People who know me or and my music know it's mostly very political, and that's true.  Years go by where I'm too immersed in following news developments and editorializing about them that I hardly pick up a guitar unless I'm working on a new song or giving a concert.  But then things happen.  Like a global pandemic, borders shutting down and all the tours getting canceled, and other things, like the internet becoming an increasingly toxic space to be in, regardless of its many assets.  In recent months my tendency has been increasingly to turn off the computer, and the news, and just play music instead.

This has meant that instead of listening to podcasts about the dire state of the world for hours every day in one ear while I'm keeping my small children entertained, I'm playing the mandola.  I'm a bit less informed about the minutiae of the unfolding disasters on the planet, but my skill on the instrument is improving by the day, and as I follow the kids around, if we're outside and there are other people around, I make them happy in the process.

I realize that most people with 9-5 jobs don't have hours every day either to listen to podcasts, play with their children, or play musical instruments, whether they do those things simultaneously or not.  But there are modified versions of this practice, to suit your schedule, hopefully.

There is no need to be a good musician for music to be a very therapeutic daily practice for you, your kids (if you have any), and people around you.  For you or people around you to enjoy whatever you're doing on an instrument, it helps a lot if you have some facility at it.  I find that if people focus for 20 minutes a day on learning how to play an instrument, they can make a hell of a lot of progress within a few months, by which time they can get to the point where it's fun to play, and potentially enjoyable for other people within earshot as well.

If you do have some basic facility with a musical instrument, and you know what a musical scale is, then you can engage in the practice I do lately every day.

While following the kids around in a city park with my mandola, taking in the sights and sounds and tactile sensations of the breeze, the rustling leaves, the barking dogs, the children sliding down the slide and swinging on the swings, etc., I improvise on the mandola within a particular scale (or key).  Very vaguely thinking about the Indian classical music tradition/ritual of the raga, I start an improvisation with a particular note in the scale.  I come up with a simple musical riff of some kind, and return to it frequently, ending the phrase, eventually, on the note I began the improv with.  When it feels like it's over, I pause for a little while, and start with another note, doing an improv with a different vibe, often alternating between faster and slower types of patterns.

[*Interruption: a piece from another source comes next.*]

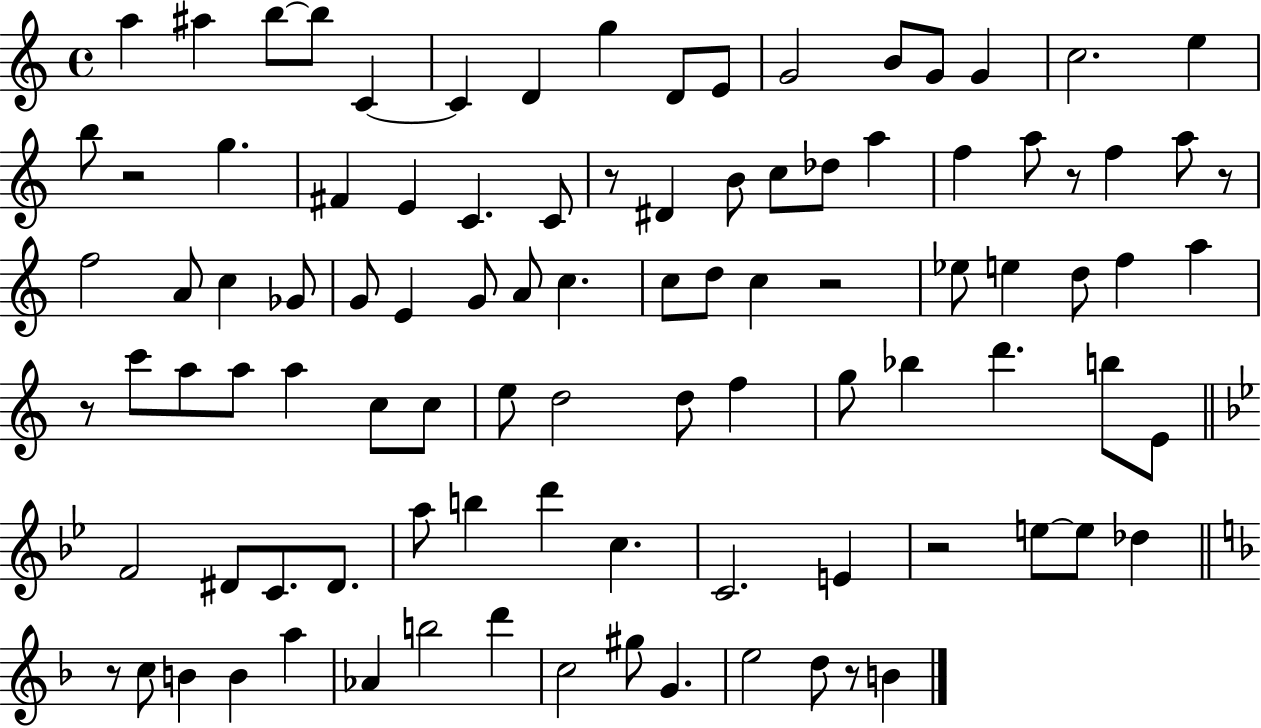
A5/q A#5/q B5/e B5/e C4/q C4/q D4/q G5/q D4/e E4/e G4/h B4/e G4/e G4/q C5/h. E5/q B5/e R/h G5/q. F#4/q E4/q C4/q. C4/e R/e D#4/q B4/e C5/e Db5/e A5/q F5/q A5/e R/e F5/q A5/e R/e F5/h A4/e C5/q Gb4/e G4/e E4/q G4/e A4/e C5/q. C5/e D5/e C5/q R/h Eb5/e E5/q D5/e F5/q A5/q R/e C6/e A5/e A5/e A5/q C5/e C5/e E5/e D5/h D5/e F5/q G5/e Bb5/q D6/q. B5/e E4/e F4/h D#4/e C4/e. D#4/e. A5/e B5/q D6/q C5/q. C4/h. E4/q R/h E5/e E5/e Db5/q R/e C5/e B4/q B4/q A5/q Ab4/q B5/h D6/q C5/h G#5/e G4/q. E5/h D5/e R/e B4/q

I find that having just a little bit of repetitive framework for my musical wanderings in the park each day like that increasingly feels like I'm engaging in a sort of religious practice.  I don't know about everyone else, but for me, even as a fairly accomplished musician with a diverse musical palette, if I'm improvising on a mandola for 3 or 4 hours in a day, I'm going to repeat a lot of musical phrases in that time period -- a whole lot of repetition is involved, in fact, even if each larger phrase might be somehow distinct from each other one.  In any case, repetition is OK!  Not only OK, it's one of the essential elements in how you get better at a lot of things, very much including playing an instrument.  And the repetition, along with the music, generally, can have a lot of therapeutic effects on the player, and folks in the area who might happen to be listening.

Aside from everything else, there is something profoundly therapeutic about playing a musical instrument in a park, or anywhere else, because in doing so you are to some small extent reclaiming the real world, outside of the internet.  Your primary audience is the wind and the squirrels, not your hundreds or thousands of faceless followers out there in the ether.  In the modern age, it almost feels strange to be doing such a thing, with no one following me around with a camera, in order to livestream the event.  I'm absolutely certain if many passersby saw someone filming me, they'd think it less unusual.  

In any case, I recommend the practice.  And if you find yourself in Portland, Oregon, drop by Kenilworth Park sometime and bring an instrument!